- Born: 1943 (age 82–83)
- Occupation: Academic

Academic background
- Education: Bachelor in Law and Literature, PhD
- Alma mater: University of Dijon
- Thesis: L’urbanisme en Bourgogne à la fin de l’Ancien Régime (1973)

Academic work
- Discipline: Public law
- Institutions: Economic and Social Council of Burgundy
- Main interests: Law, literature, scouting
- Notable works: Histoire et témoignages des éclaireurs et éclaireuses de France à Dijon et en Bourgogne de 1914 à nos jours

= Pierre Bodineau =

French legal historian (1944)

Pierre Bodineau (born 1943) is a French academic in public law and politician, President of the Economic and Social Council of Burgundy, presided over Scoutisme Français from 1979 to 1982 and served as a member of the European Scout Committee.

Bodineau was troop chief, regional commissioner of Éclaireuses et éclaireurs de France, and international delegate, especially involved in assisting the rebirth of Scouting in the countries of Eastern Europe and the former Soviet Union.

==Background==
Bodineau graduated from Lycée Carnot in 1961. He studied at the University of Dijon where he got his undergraduate degrees in law and literature. In 1973, he got his doctorate degree (Thesis titled: "L’urbanisme en Bourgogne à la fin de l’Ancien Régime"). Bodineau was an assistant professor at the University of Dijon's School of Law from 1967 to 1972.

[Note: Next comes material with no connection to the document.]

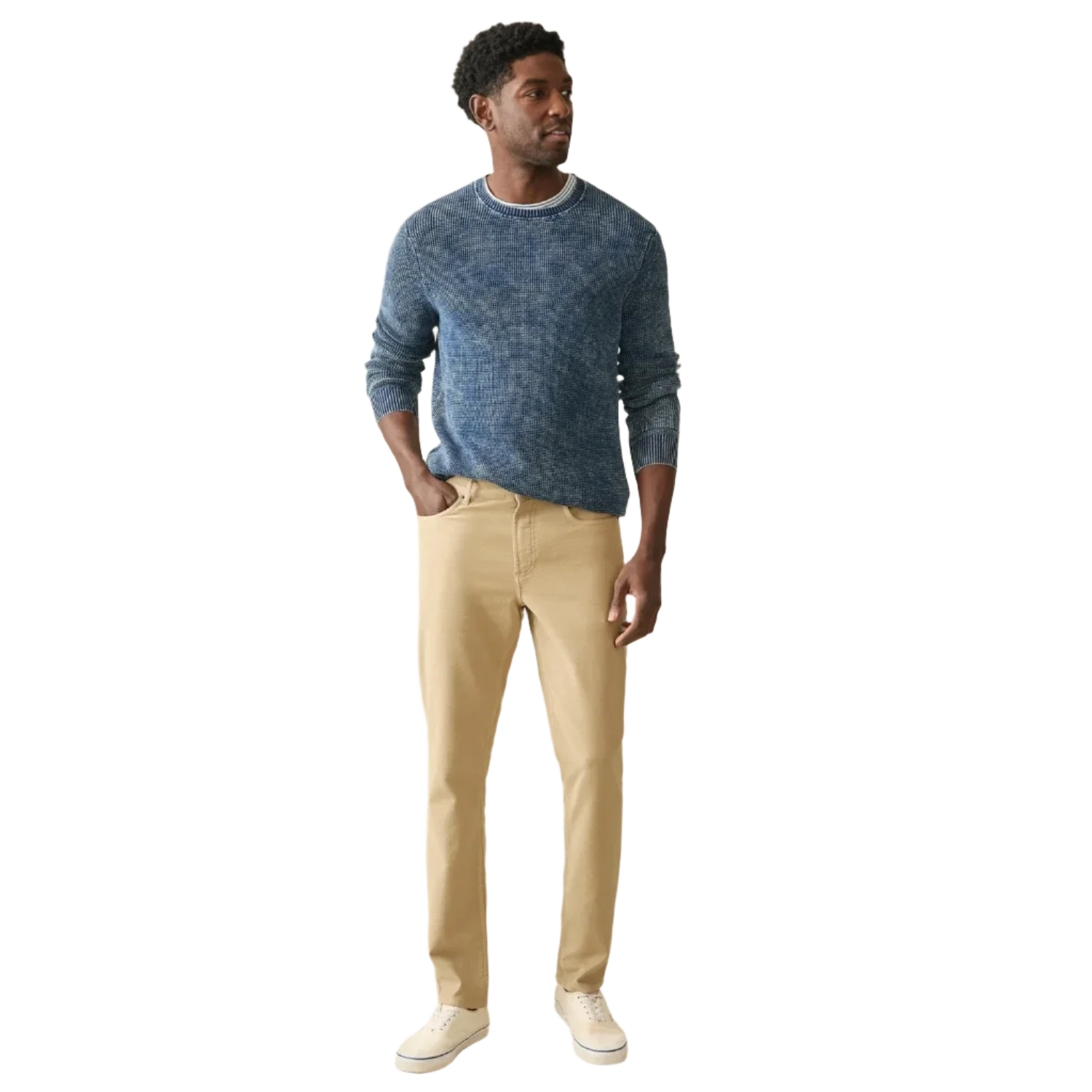 Faherty 01. MENS APPAREL - MENS PANTS - MENS PANTS CASUAL Men's Stretch Terry 5-Pocket Pant DKA DESERT KHAKI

In addition to professional works, he has directed and prefaced Histoire et témoignages des éclaireurs et éclaireuses de France à Dijon et en Bourgogne de 1914 à nos jours (History and testimonies of the Éclaireuses et éclaireurs de France in Dijon and Burgundy from 1914 to the present day), 2000.

In 1983, Bodineau was awarded the 159th Bronze Wolf, the only distinction of the World Organization of the Scout Movement, awarded by the World Scout Committee for exceptional services to world Scouting.

Bodineau co-founded Parteam, a law firm based in Nantes, with Sébastien Thouvenin.